Protective effects of aPC on epithelial barrier function are mediated by EPCR. Confluent Caco-2 cells were treated without (control) and with TNF-α (25 ng/mL) in the presence (TNF aPC) or absence of aPC (1 μg/mL), and with (TNF aPC EPCR) or without (aPC EPCR) a 1-h pretreatment with the antibody inhibiting EPCR activity (5 μg/mL). (A) Values of TEER were measured over 48 h of stimulation. (BD) After 48 h of stimulation, immunofluorescence analysis of JAM-A and ZO-1 (in green) was performed on Caco-2 cells grown on Transwell filters under different conditions: control, TNF, TNF + aPC, aPC, TNF + aPC + EPCR, and aPC + EPCR; DAPI nuclear stain (blue). (Scale bar: 60 μm.) Values are mean ± SEM; the data are representative of three independent experiments. θP < 0.05 (aPC vs. control); ζP < 0.05 (control vs. TNF and TNF aPC EPCR); ϕP < 0.01(aPC vs. TNF and TNF aPC EPCR); *P < 0.01.
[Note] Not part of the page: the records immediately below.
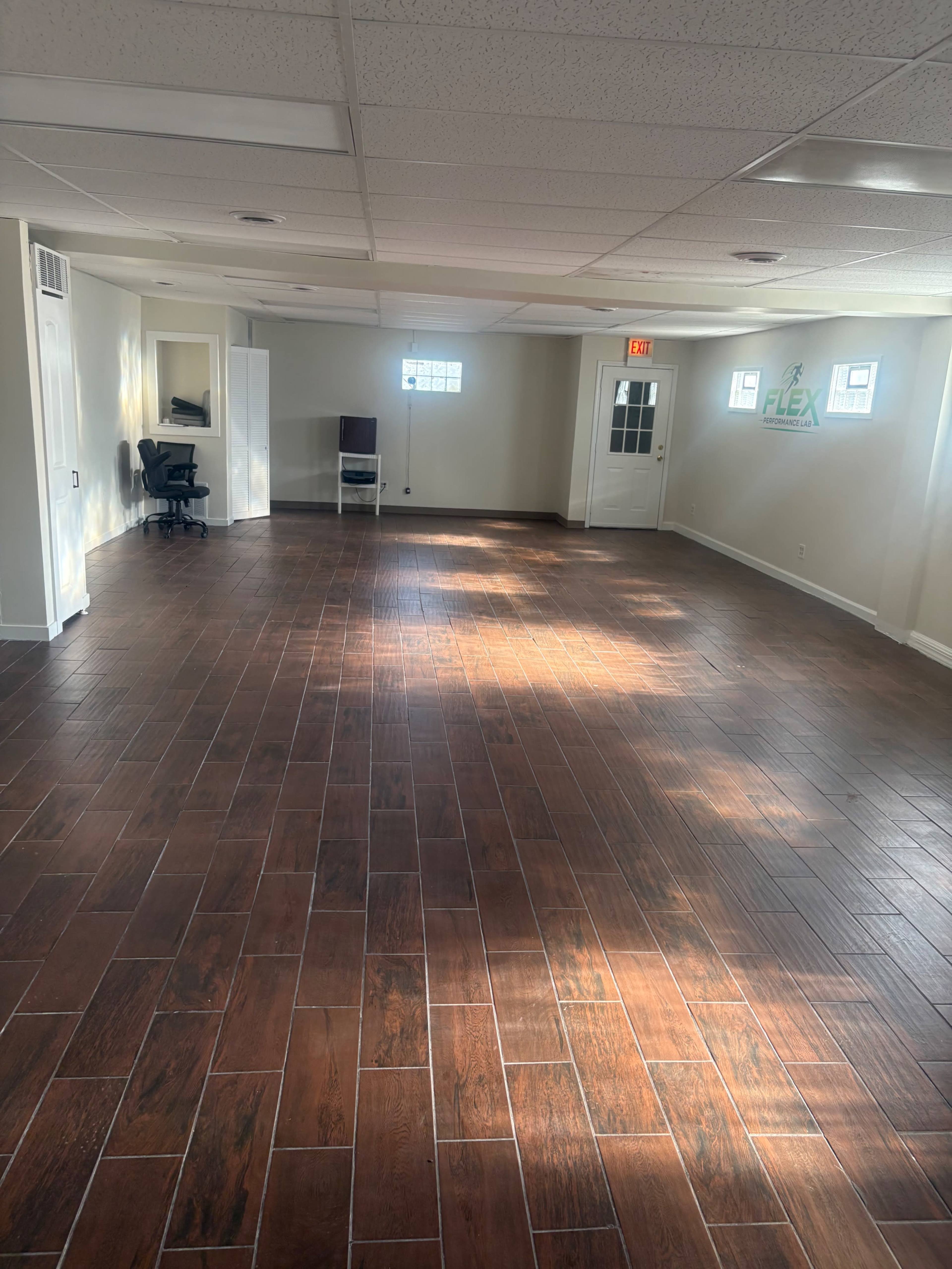 The image shows a spacious, empty room with hardwood flooring, a few chairs, and windows allowing natural light.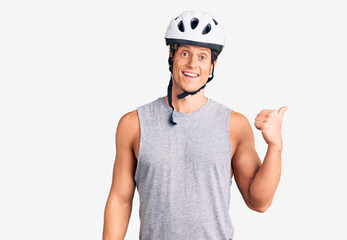 Young handsome man wearing bike helmet smiling with happy face looking and pointing to the side with thumb up.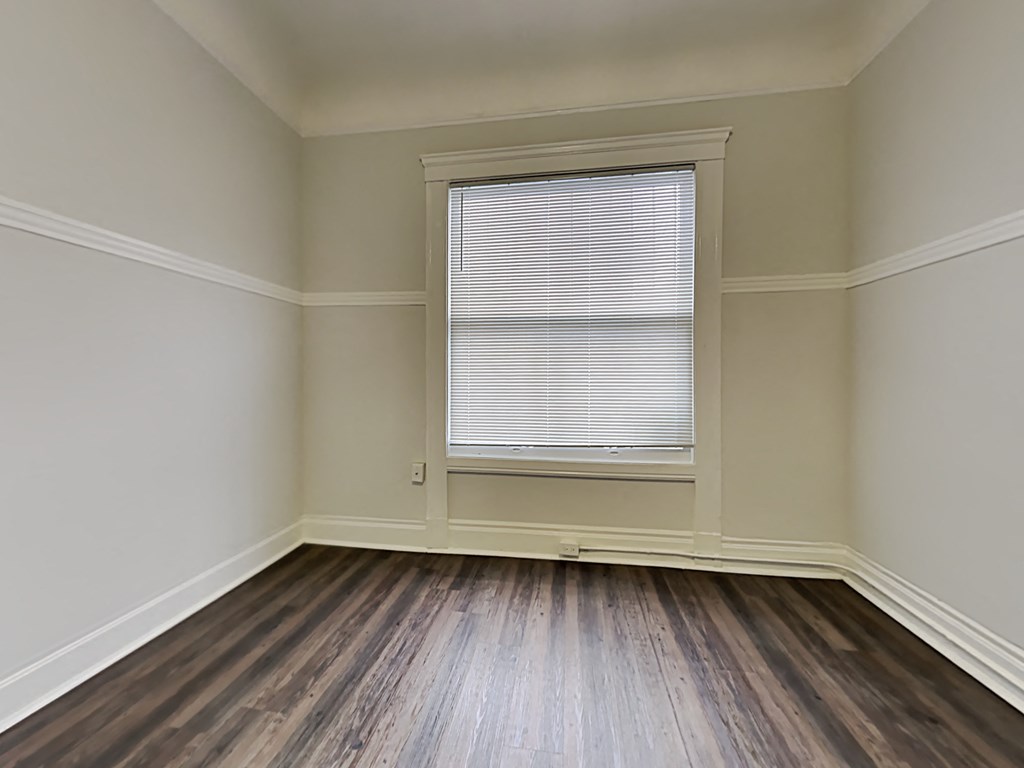 an empty room with wooden floors and a window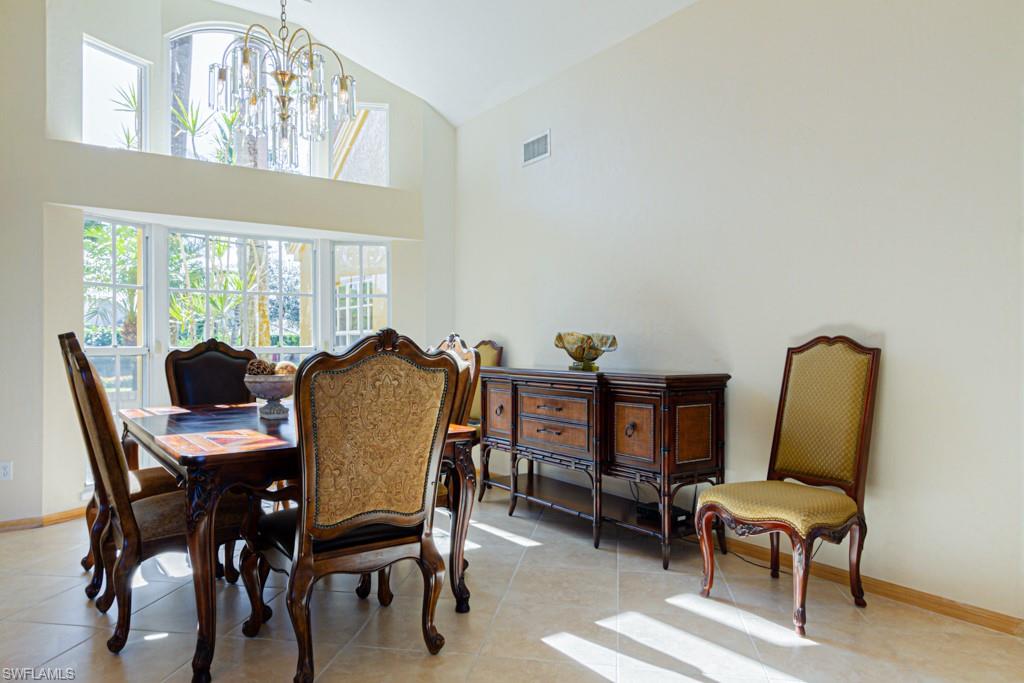 4401 Pond Apple Drive South Naples, FL 34119 - Photo 7 of 35 a view of a dining room with furniture and a window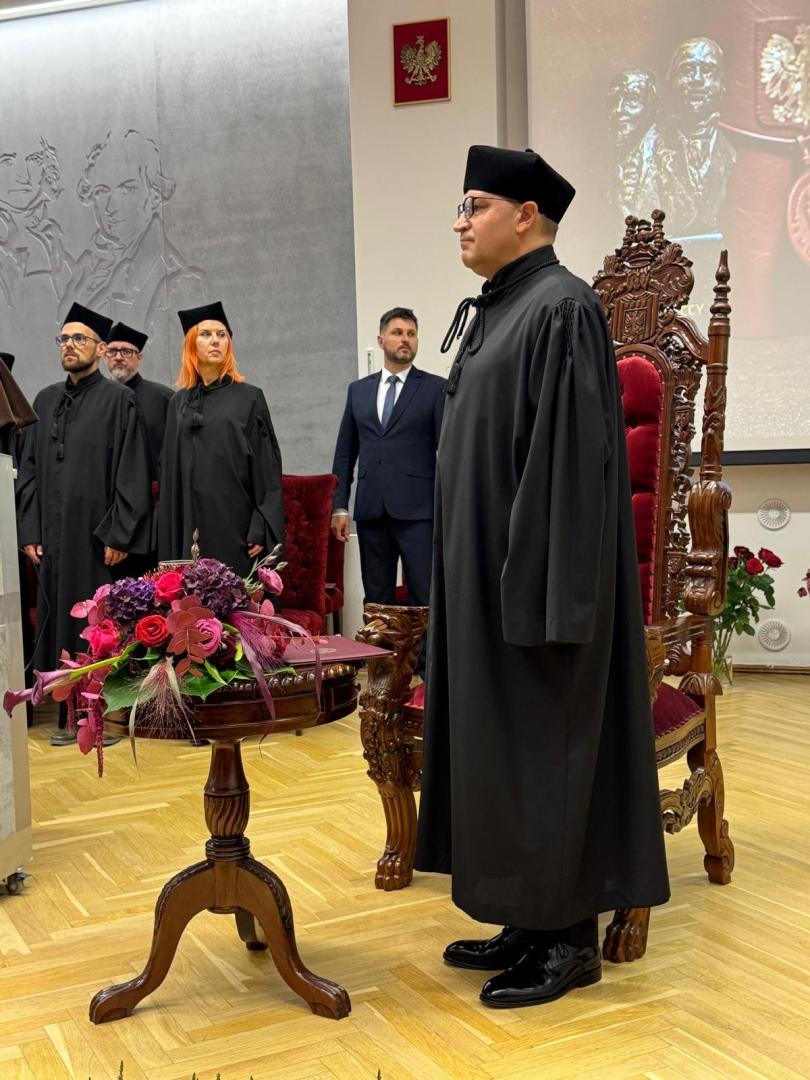 Prof. Jesionowski w czarnej todze akademickiej stoi na scenie w sali z ceremonialnym fotelem i tablicą pamiątkową. Na stoliku po lewej bukiet różowych i fioletowych kwiatów, a na ścianie herb z orłem.
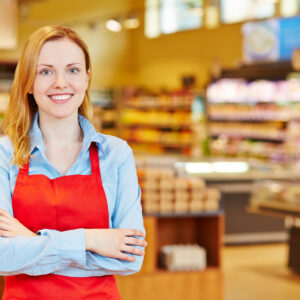 Young happy smiiling woman doing apprenticeship in a supermarket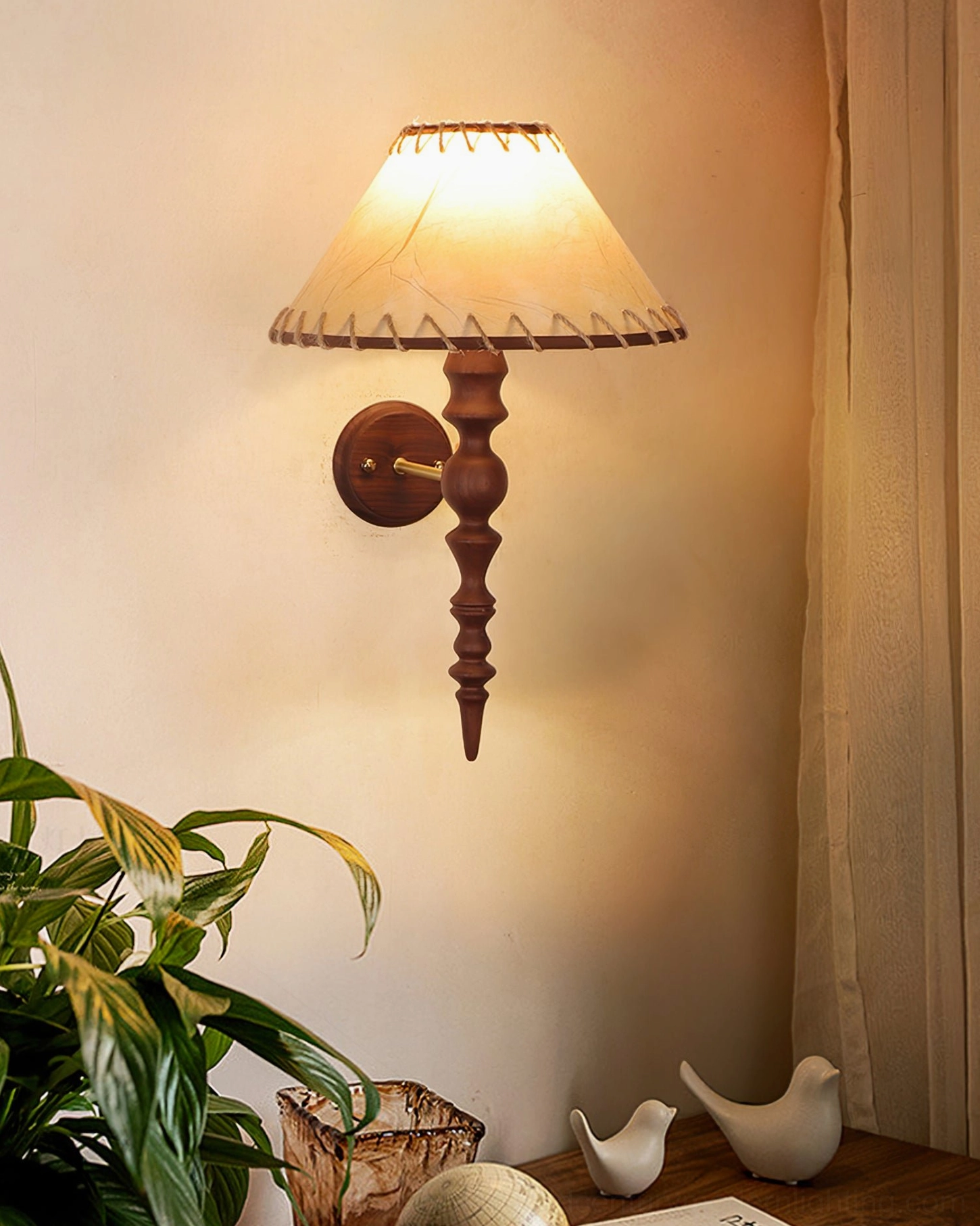 Basica wall lamp in cozy bedroom corner with green plants and bird ornament decor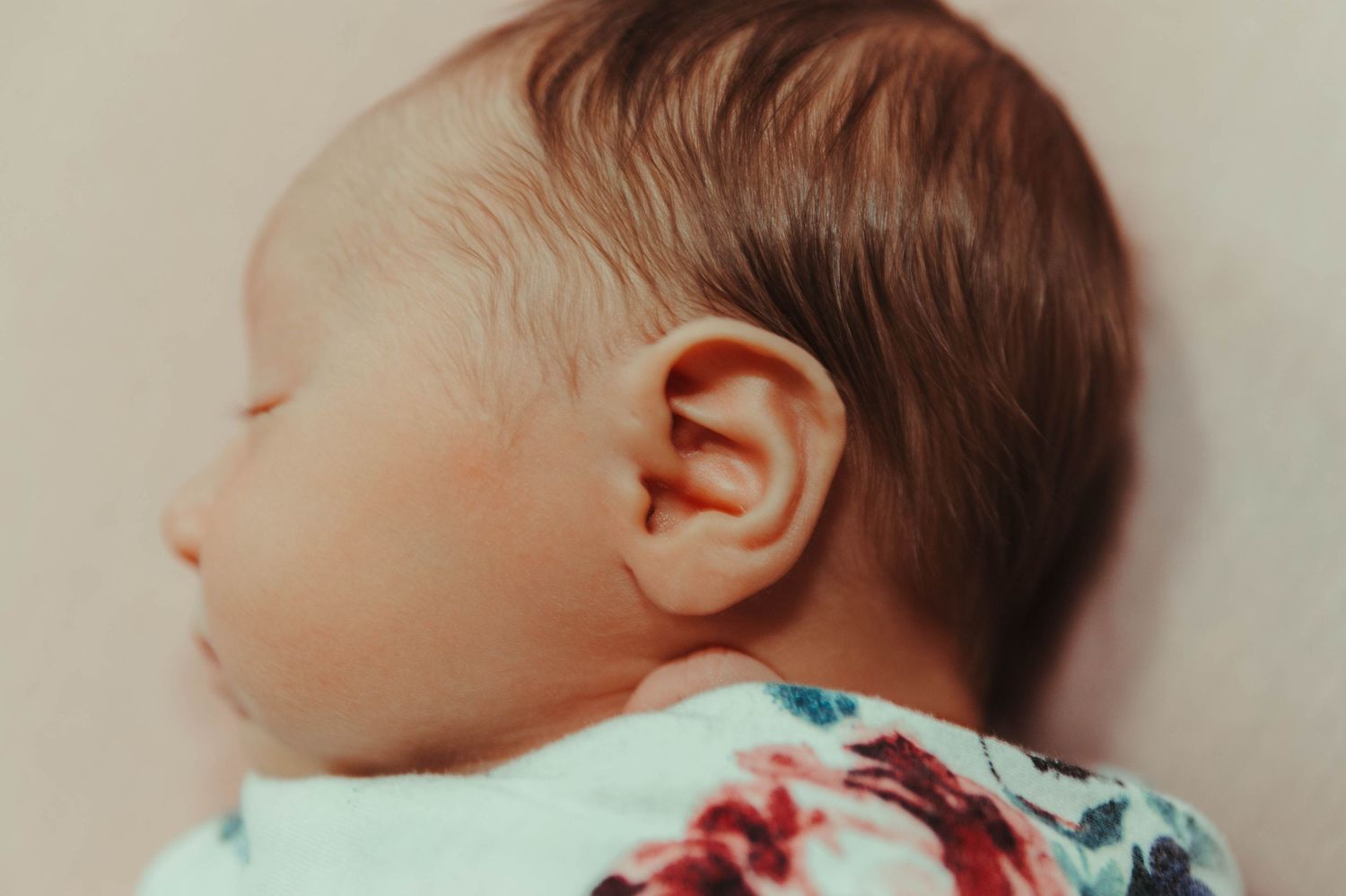 Close-up profile view of a sleeping baby with light brown hair wearing a floral print outfit.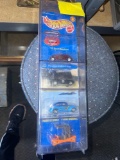 4- HotWheels vehicles in case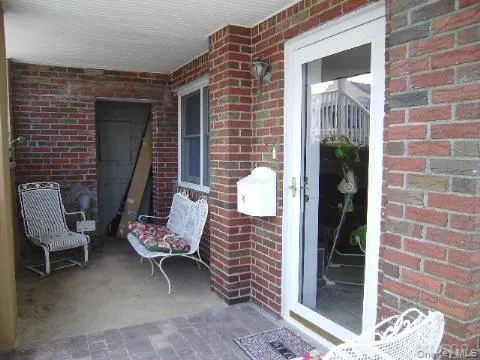 a view of a door with a bench and chair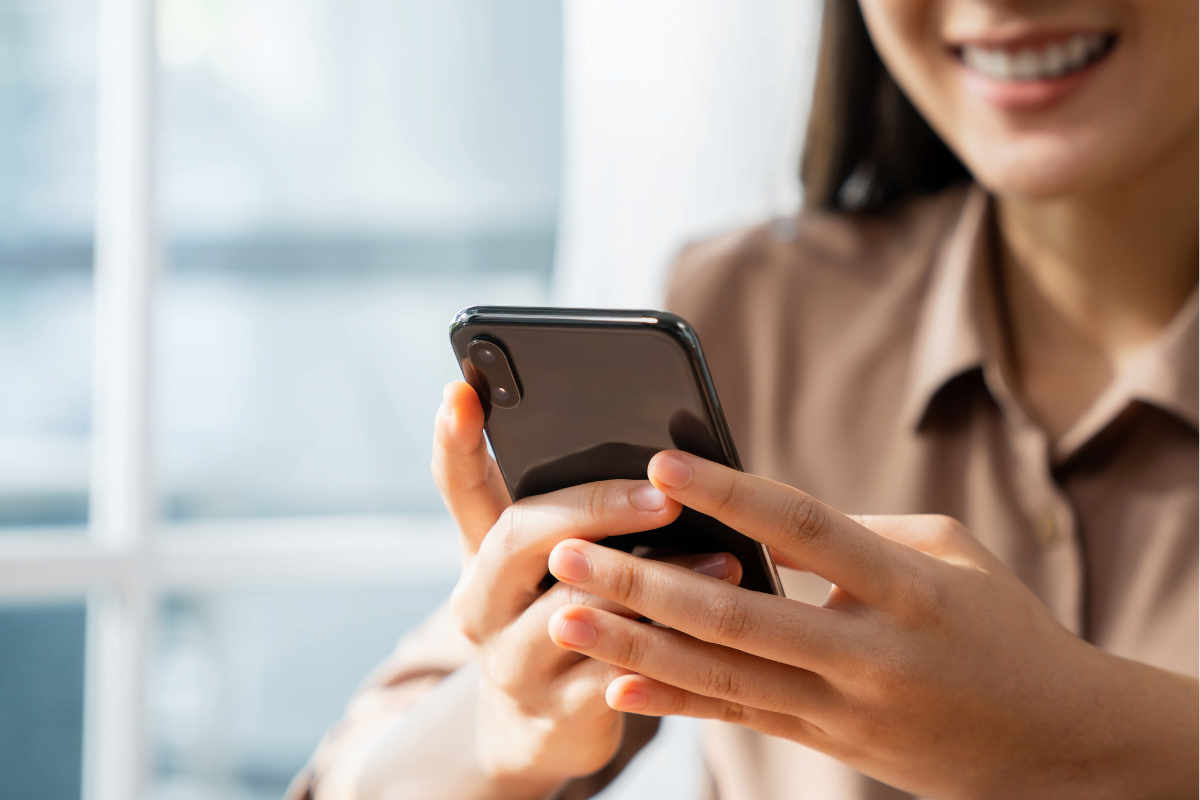 A woman holding a cell phone, utilizing social media for flooring companies.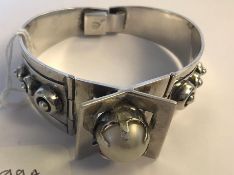 A signed Taxco Mexican modernist silver bangle bracelet set with a pearl having a clip clasp. Marked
To further explore the mechanism by which aPC reinforces epithelial barrier function, we investigated the expression levels of the major tight junction proteins in EC lines in the presence and absence of aPC and before and after stimulation with TNF-α. Consistent with the in vivo findings in low-PC mice, we found that aPC inhibits the altered expression of JAM-A and ZO-1 induced by TNF-α (Fig. 4 B and C). Furthermore, the use of anti-EPCR antibodies totally inhibited such modification of tight junctions, suggesting a functional role for EPCR in aPC-mediated regulation of tight junctions (Fig. 4 B and C), whereas the stimulation with α-EPCR alone did not alter the expression of JAM-A or ZO-1. Along with their crucial role in formation of tight junctions to maintain the epithelial barrier, ECs are able to actively respond to injury by migrating when wounds occur, and to heal the disrupted barrier. Thus, we tested whether aPC can induce intestinal wound closure and cell proliferation. To investigate wound closure, we seeded Caco-2 cells onto plates in designated areas in the absence or presence of exogenous aPC (1 μg/mL) and monitored cell migration for 48 h after creation of a scratch in the monolayers. Significant wound closure was seen in the presence of a PC compared with the control, at a level comparable to that induced by epithelial growth factor (EGF; 50 ng/mL) (Fig. S4 A and B). Pretreatment with α-EPCR antibody (5 μg/mL) 1 h before the stimulation decreased epithelial wound closure, supporting the suggestion of a functional role for EPCR in aPC-mediated epithelial migration (Fig. S4 A and B). Finally, a [3H]-thymidine incorporation assay revealed that a low concentration of aPC (1 μg/mL) induced a high rate of Caco-2 cell proliferation, comparable to that induced by EGF (50 ng/mL). The cells pretreated with α-EPCR and stimulated with aPC displayed significantly reduced cellular proliferation. Importantly, pretreatment with α-EPCR alone did not induce any effects on ECs, reinforcing the hypothesis that aPC signals through EPCR (Fig. S4C).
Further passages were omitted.